Mild Cognitive Impairment
When people talk about aging and memory loss, many automatically jump to thinking about Alzheimer’s. While Alzheimer’s is very serious and debilitating, some milder but common issues receive less attention, like Mild Cognitive Impairment (MCI).
As the name implies, Mild Cognitive Impairment is just that – mild. As many as 20% of seniors over the age of 65 exhibit symptoms of it, and while it can be somewhat frustrating at times, it is not as life-altering as Alzheimer’s. Let’s look at some of the differences between MCI, dementia and Alzheimer’s.
First of all, as we get older, everyone starts having more “senior moments,” as we may affectionately call them. You forget where you put your glasses. You compensate by writing things down or keeping lists to keep track of things, but it doesn’t stop you from living independently and getting things done.
Then there’s MCI. You start to have problems doing more than one task at time, having to work harder to keep your focus. You find yourself forgetting recent conversations and you have problems making decisions. This is when independent living starts to become more of a challenge, but you can still engage in your regular daily rituals without too much trouble.
Dementia is when things start to get trickier. It also includes memory issues, but adds in some more symptoms. People may notice personality or behavioral changes in you. You may have a hard time speaking. Your motor skills start to deteriorate, making it hard to dress yourself. You stop being able to learn or remember new information, and you may loss interest in activities that you used to engage in. From the outside, it’s easy to see the difference between just plain memory loss, MCI and dementia.
Alzheimer’s is similar to dementia, but while dementia is simply the term for a group of symptoms affecting the brain, Alzheimer’s is the term for the cause of the symptoms.
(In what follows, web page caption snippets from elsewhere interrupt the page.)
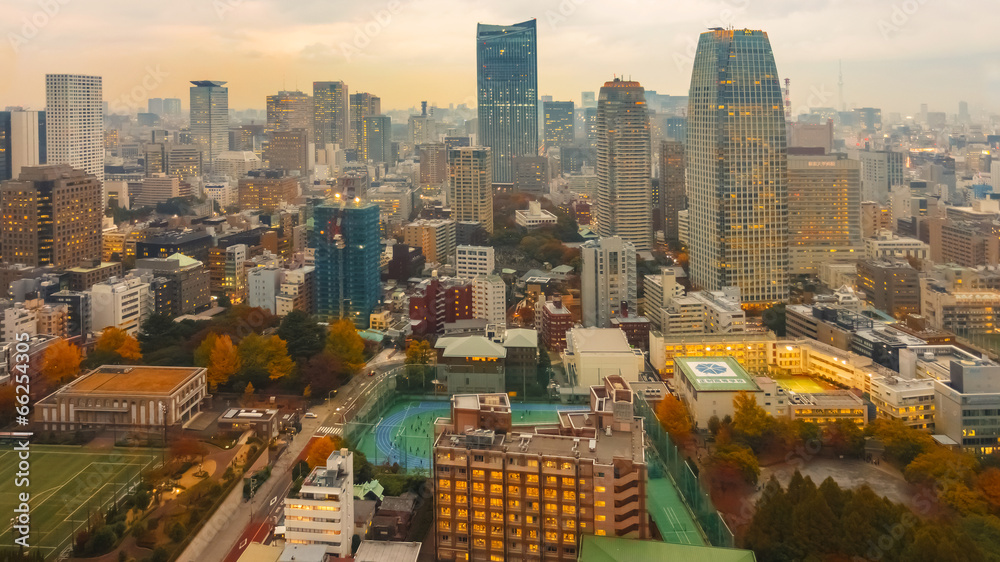 Fototapeta premium Tokyo City
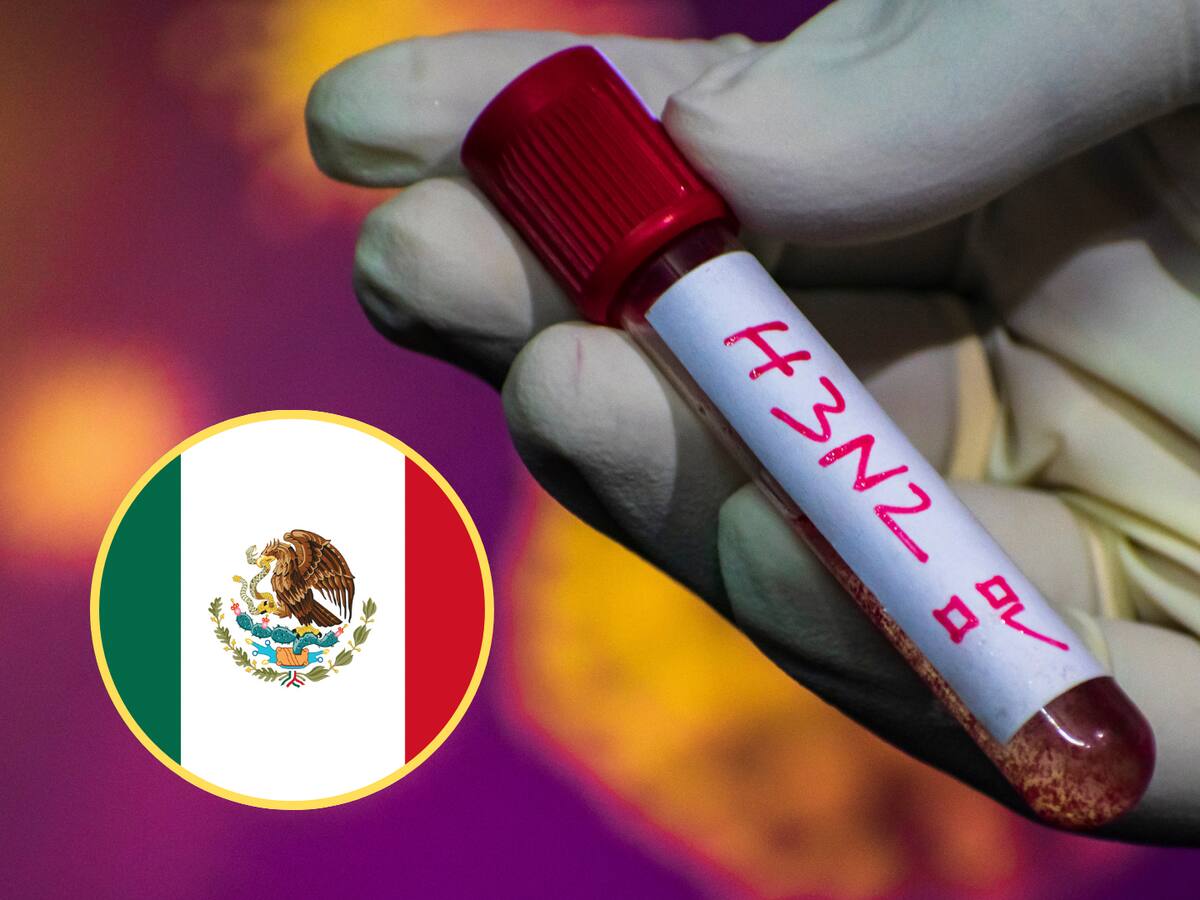México confirmó el primer caso de la variante K de influenza A H3N2 en la capital del país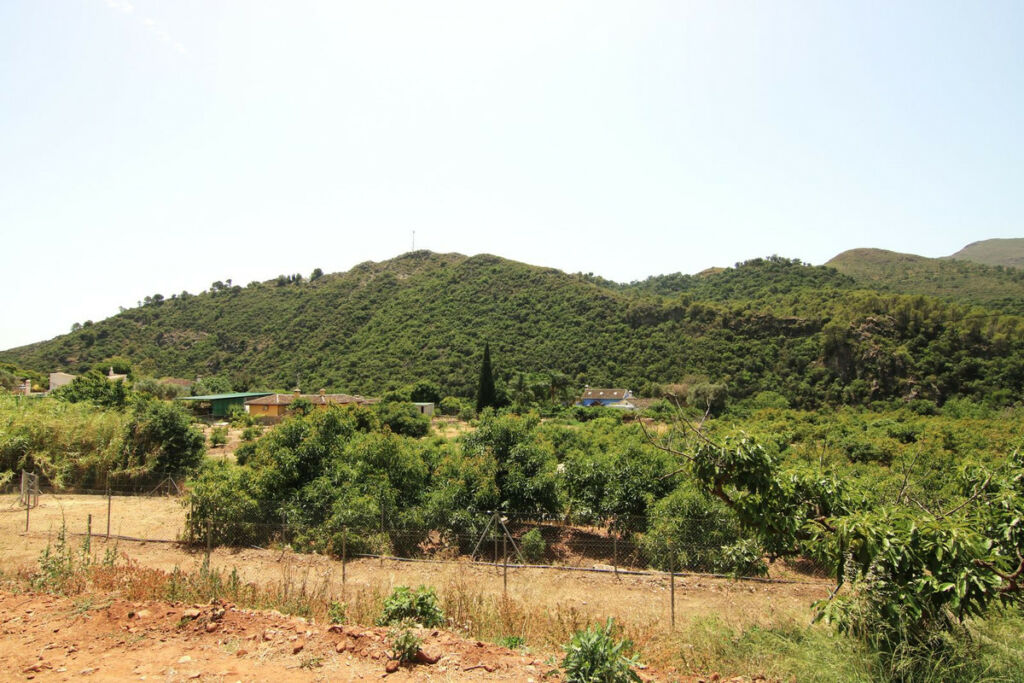 Finca - Cortijo Coín Málaga - image 22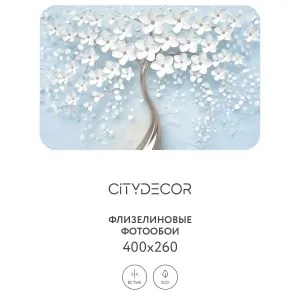 Фотообои рулонные Citydecor Абстракция 20 на флизелиновой основе 400x260 см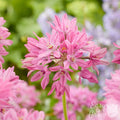 pink blooms of Allium Oreophilum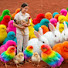 _iCkQCv_8uc-channel-avatar-Ayam Funny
It is one case where researchers have been able to pinpoint the cause of the dementia symptoms, which is nerve cell damage.
It’s also important to note that dementia can also be caused by certain medications, tumors or vitamin deficiencies. In those cases, correcting the underlying issues can eliminate the dementia symptoms. In the case of Alzheimer’s, it’s a form of dementia that is permanent and progressive.
If you have been diagnosed with MCI, you do have a higher chance of moving on to dementia eventually, but no one is yet able to predict for sure if you will or not.
However, don’t despair! There are things we can all do to keep our brains active and healthy. Keep your brain sharp by doing crossword puzzles, or playing board or card games. Get some fresh air and exercise in a way that is appropriate for your body. Keep laughing and playing! One study found that seniors who have regular contact with grandchildren were less likely to suffer from dementia. Just like technology helps us medically, there are plenty of fun apps to improve your brain power.
Let technology help you take control of your health.